- About this task -
Return only the lines of the data below from the line with "Beautiful home with" up to and including the line with "Collection of three", exactly as written, with the pictures omitted.

- Task inputs -
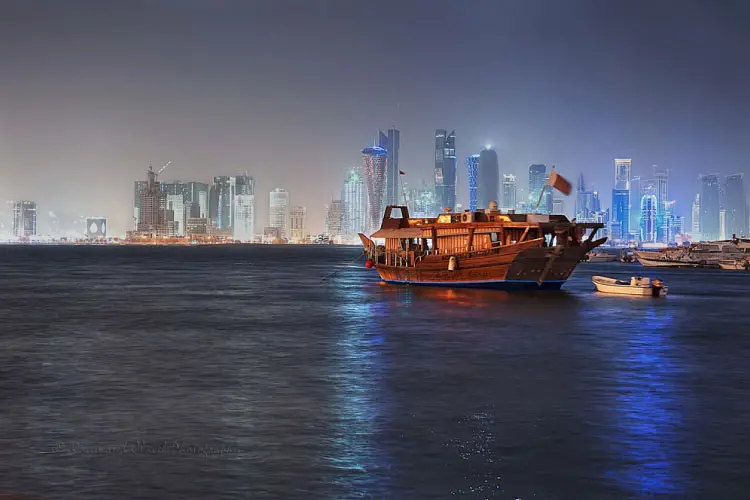 Doha skyline from the water by night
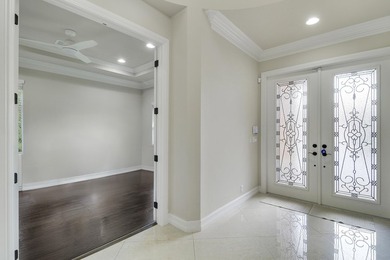 Beautiful home with a waterfront and golf course view! This home on Jupiter Country Club in Florida - for sale on GolfHomes.com, golf home, golf lot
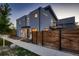 Modern two-story home with stone and gray siding, plus a landscaped front yard at 291 S Franklin St, Denver, CO 80209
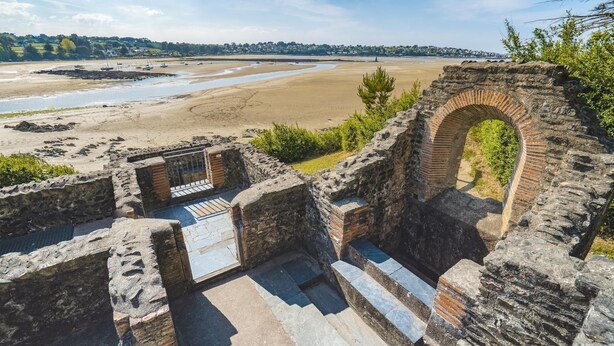 Een oud stenen gebouw met een grote boog, een stenen trap en een uitzicht op een strand en een waterlichaam op de achtergrond.
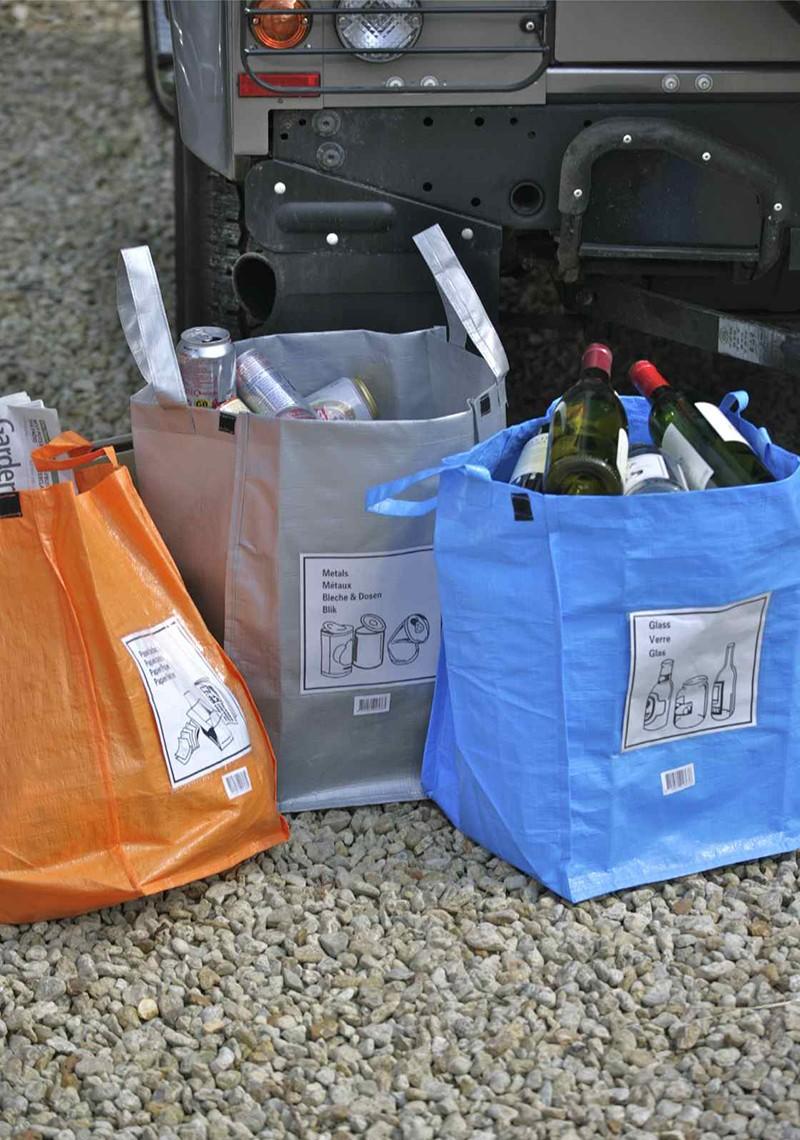 Collection of three recycling bags in orange, silver and blue on a gravel drive behind a vehicle.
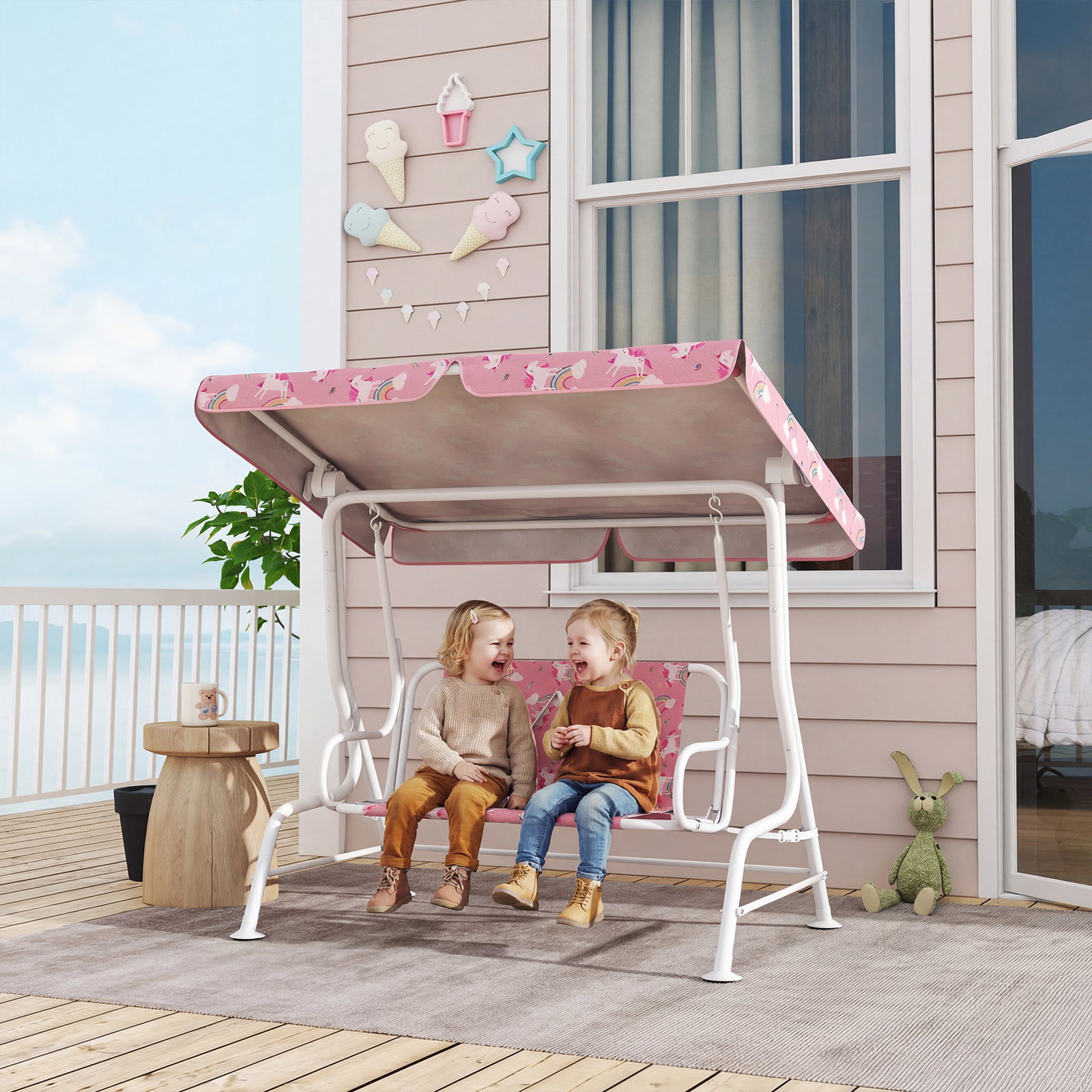 Baloiço de jardim exterior infantil de 2 lugares com toldo ajustável, cintos de segurança e design de unicórnio e arco-íris rosa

- Exercise output -
 Beautiful home with a waterfront and golf course view! This home on Jupiter Country Club in Florida - for sale on GolfHomes.com, golf home, golf lot
 Modern two-story home with stone and gray siding, plus a landscaped front yard at 291 S Franklin St, Denver, CO 80209
 Een oud stenen gebouw met een grote boog, een stenen trap en een uitzicht op een strand en een waterlichaam op de achtergrond.
 Collection of three recycling bags in orange, silver and blue on a gravel drive behind a vehicle.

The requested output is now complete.